## What is required:
Output, without alteration, the first line of the entries and each line after it, stopping with the line that contains "IPAD PRO 10.5 WiFi CELL 64GB ORO - MQF12TY/A".

## Information given:

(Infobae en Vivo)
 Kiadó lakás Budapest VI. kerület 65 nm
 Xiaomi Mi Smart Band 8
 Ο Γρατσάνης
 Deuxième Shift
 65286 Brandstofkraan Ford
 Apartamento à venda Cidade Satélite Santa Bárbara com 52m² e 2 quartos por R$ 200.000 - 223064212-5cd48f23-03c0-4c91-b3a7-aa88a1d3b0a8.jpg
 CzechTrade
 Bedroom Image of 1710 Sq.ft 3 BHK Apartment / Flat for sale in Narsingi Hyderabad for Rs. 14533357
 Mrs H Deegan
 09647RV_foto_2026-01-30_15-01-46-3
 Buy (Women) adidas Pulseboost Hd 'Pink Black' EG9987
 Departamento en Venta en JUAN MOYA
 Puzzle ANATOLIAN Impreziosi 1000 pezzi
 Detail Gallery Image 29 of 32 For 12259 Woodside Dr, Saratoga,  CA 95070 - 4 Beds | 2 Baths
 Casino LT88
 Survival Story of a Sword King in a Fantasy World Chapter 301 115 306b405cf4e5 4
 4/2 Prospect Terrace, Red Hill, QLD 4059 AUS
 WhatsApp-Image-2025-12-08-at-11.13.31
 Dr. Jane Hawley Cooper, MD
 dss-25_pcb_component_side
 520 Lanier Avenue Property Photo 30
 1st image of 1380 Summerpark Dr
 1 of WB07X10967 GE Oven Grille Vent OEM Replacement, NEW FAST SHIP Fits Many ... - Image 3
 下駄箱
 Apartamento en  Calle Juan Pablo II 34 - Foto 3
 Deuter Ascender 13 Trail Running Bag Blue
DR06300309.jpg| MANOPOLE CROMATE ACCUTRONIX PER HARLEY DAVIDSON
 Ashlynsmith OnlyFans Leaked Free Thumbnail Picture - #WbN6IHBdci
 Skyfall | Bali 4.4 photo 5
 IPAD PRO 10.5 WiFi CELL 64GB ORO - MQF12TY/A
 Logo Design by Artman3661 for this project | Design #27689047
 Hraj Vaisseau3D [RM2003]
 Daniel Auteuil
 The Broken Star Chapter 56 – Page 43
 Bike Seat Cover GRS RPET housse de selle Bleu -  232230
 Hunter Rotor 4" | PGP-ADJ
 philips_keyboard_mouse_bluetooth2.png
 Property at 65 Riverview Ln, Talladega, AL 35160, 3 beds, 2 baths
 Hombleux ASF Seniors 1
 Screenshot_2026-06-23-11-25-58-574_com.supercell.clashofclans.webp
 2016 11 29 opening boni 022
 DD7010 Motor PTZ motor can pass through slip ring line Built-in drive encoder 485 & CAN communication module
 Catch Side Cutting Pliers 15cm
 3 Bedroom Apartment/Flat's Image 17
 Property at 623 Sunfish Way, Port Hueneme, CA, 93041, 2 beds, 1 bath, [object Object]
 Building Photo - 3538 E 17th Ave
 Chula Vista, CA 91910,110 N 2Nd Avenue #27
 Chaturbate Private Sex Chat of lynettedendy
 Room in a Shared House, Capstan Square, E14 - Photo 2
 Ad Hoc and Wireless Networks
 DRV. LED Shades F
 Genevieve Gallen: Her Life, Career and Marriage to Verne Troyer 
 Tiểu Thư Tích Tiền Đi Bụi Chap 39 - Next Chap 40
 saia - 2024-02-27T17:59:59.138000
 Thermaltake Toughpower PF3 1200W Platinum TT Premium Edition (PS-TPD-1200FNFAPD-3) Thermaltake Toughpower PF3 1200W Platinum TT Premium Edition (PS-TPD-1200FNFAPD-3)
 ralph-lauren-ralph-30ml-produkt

## Completed task:
(Infobae en Vivo)
 Kiadó lakás Budapest VI. kerület 65 nm
 Xiaomi Mi Smart Band 8
 Ο Γρατσάνης
 Deuxième Shift
 65286 Brandstofkraan Ford
 Apartamento à venda Cidade Satélite Santa Bárbara com 52m² e 2 quartos por R$ 200.000 - 223064212-5cd48f23-03c0-4c91-b3a7-aa88a1d3b0a8.jpg
 CzechTrade
 Bedroom Image of 1710 Sq.ft 3 BHK Apartment / Flat for sale in Narsingi Hyderabad for Rs. 14533357
 Mrs H Deegan
 09647RV_foto_2026-01-30_15-01-46-3
 Buy (Women) adidas Pulseboost Hd 'Pink Black' EG9987
 Departamento en Venta en JUAN MOYA
 Puzzle ANATOLIAN Impreziosi 1000 pezzi
 Detail Gallery Image 29 of 32 For 12259 Woodside Dr, Saratoga,  CA 95070 - 4 Beds | 2 Baths
 Casino LT88
 Survival Story of a Sword King in a Fantasy World Chapter 301 115 306b405cf4e5 4
 4/2 Prospect Terrace, Red Hill, QLD 4059 AUS
 WhatsApp-Image-2025-12-08-at-11.13.31
 Dr. Jane Hawley Cooper, MD
 dss-25_pcb_component_side
 520 Lanier Avenue Property Photo 30
 1st image of 1380 Summerpark Dr
 1 of WB07X10967 GE Oven Grille Vent OEM Replacement, NEW FAST SHIP Fits Many ... - Image 3
 下駄箱
 Apartamento en  Calle Juan Pablo II 34 - Foto 3
 Deuter Ascender 13 Trail Running Bag Blue
DR06300309.jpg| MANOPOLE CROMATE ACCUTRONIX PER HARLEY DAVIDSON
 Ashlynsmith OnlyFans Leaked Free Thumbnail Picture - #WbN6IHBdci
 Skyfall | Bali 4.4 photo 5
 IPAD PRO 10.5 WiFi CELL 64GB ORO - MQF12TY/A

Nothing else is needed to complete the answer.